BACKGROUND
Idiopathic hypereosinophilic syndrome (IHS) is characterized by persistent eosinophilia greater than 1,500 /µL for more than 6 months with organ system involvement in the absence of an explained cause.1 The organs involved can vary, affecting systems such as the lungs, skin, and cardiovascular system. Cardiovascular complications are a major source of morbidity and mortality, and prevalent in 40–50% of cases.1 The most characteristic cardiovascular abnormality is endomyocardial fibrosis, causing restrictive cardiomyopathy.1 However, patients are also prone to hypercoagulability, which in rare cases can manifest as ventricular thrombi.
CASE PRESENTATION
A 65-year-old female presented to the emergency department with complaints of worsening dyspnea and cough for 2 weeks. They were recently discharged following treatment for bilateral pneumonia, at which time they were noted to have an incidental left ventricular (LV) thrombus on an echocardiogram. Their symptoms improved with antibiotics, prednisone, and apixaban, but acutely worsened following completion of their treatment. Their laboratory work was remarkable for significant eosinophilia. A CT scan of the chest revealed recurrent bilateral pulmonary infiltrates, and repeat echocardiogram revealed persistence of the LV thrombus with an obliterated apex in the shape of an ace of spades (Figure 1). Cardiac MRI confirmed the presence of a 1×2 cm LV thrombus with highly mobile components, along with diffuse subendocardial gadolinium enhancement consistent with IHS, with cardiac involvement (Figure 2). They were ultimately discharged on prednisone, mepolizumab, and warfarin with resolution of their eosinophilia. They returned a month later with multifocal embolic stroke. Repeat echocardiogram revealed the thrombus had enlarged to 3×2 cm. While on therapeutic low-molecular heparin, they developed acute right limb ischemia and underwent a right common and external iliac thrombectomy. Following embolectomy, they were ultimately discharged on dabigatran. They returned 2 months later with recurrent stroke-like symptoms. MRI revealed new multifocal infarcts, and echocardiography showed the thrombus had grown to 3×4 cm. Their anticoagulation was changed to enoxaparin, and they were scheduled for LV thrombectomy by cardiothoracic surgery. Unfortunately, they returned a week later secondary to a fall and were found to have a subdural hematoma with midline shift. They underwent two craniotomies with poor neurological response and were given comfort care.
CONCLUSION
The cardiovascular complications in IHS typically involve a stepwise process. Initially, the eosinophils penetrate the myo- and endocardium, with subsequent eosinophilic degranulation and necrosis.2 The resulting necrosis allows fibrin deposition, beginning the formation of a thrombus.2 However, the thrombus in IHS is not solely comprised of platelets. A study by Leiferman et al.2 noted that the thrombi are comprised of intact eosinophils and eosinophilic granulation proteins.
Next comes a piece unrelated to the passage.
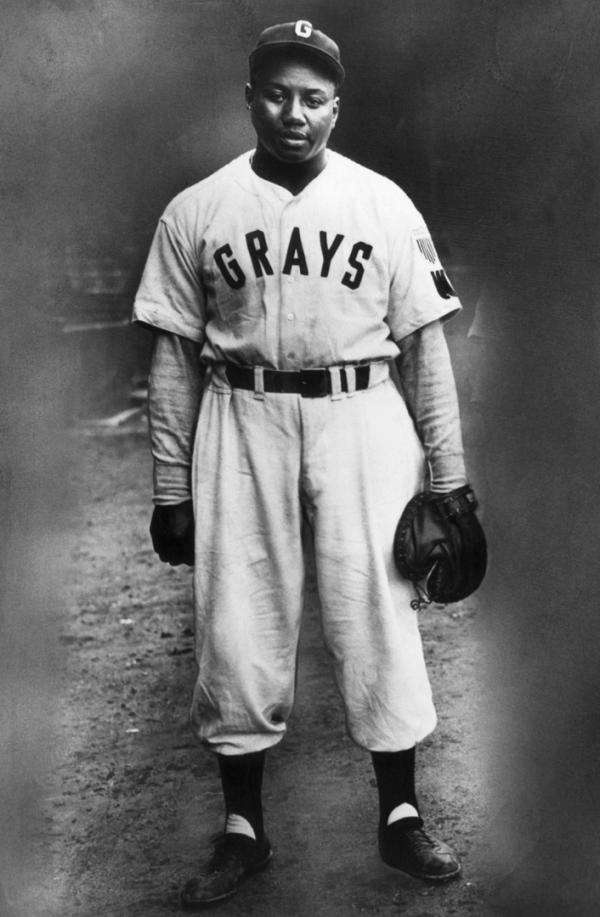 Josh Gibson poses in his Homestead Grays uniform in 1945.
It is thought that eosinophilic granules have components that inhibit thrombomodulin, enhancing thrombus formation.
This raises the question as to how thrombi in IHS should be treated given its composition. There are currently no guidelines for treatment. The authors’ patient had complications of the thrombus despite being on apixaban, warfarin, and heparin. In one case report, warfarin was given with successful reduction in an LV thrombus.3 However, there are several cases of continued thromboembolic phenomena despite adequate anticoagulation, while others report acute bleeds.2 As a result, current treatment should revolve around treating the underlying hypereosinophilic syndrome.4
First-line therapy consists of corticosteroids, with mepolizumab being considered an alternative second line option in corticosteroid sparing treatment.